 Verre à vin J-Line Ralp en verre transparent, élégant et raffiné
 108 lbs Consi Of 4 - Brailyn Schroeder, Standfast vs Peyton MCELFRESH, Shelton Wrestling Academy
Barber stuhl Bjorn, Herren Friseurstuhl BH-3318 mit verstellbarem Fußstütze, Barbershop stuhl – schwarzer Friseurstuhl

○ ○ ○

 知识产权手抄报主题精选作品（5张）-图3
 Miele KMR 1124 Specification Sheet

○ ○ ○

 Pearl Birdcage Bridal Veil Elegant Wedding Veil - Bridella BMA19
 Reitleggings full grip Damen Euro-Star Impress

○ ○ ○

= Problem to work on =
When you reach the line containing "Verre à vin" in the data above, start copying exactly, and stop after the line containing "Barber stuhl Bjorn, Herren".

= Task solution =
 Verre à vin J-Line Ralp en verre transparent, élégant et raffiné
 108 lbs Consi Of 4 - Brailyn Schroeder, Standfast vs Peyton MCELFRESH, Shelton Wrestling Academy
Barber stuhl Bjorn, Herren Friseurstuhl BH-3318 mit verstellbarem Fußstütze, Barbershop stuhl – schwarzer Friseurstuhl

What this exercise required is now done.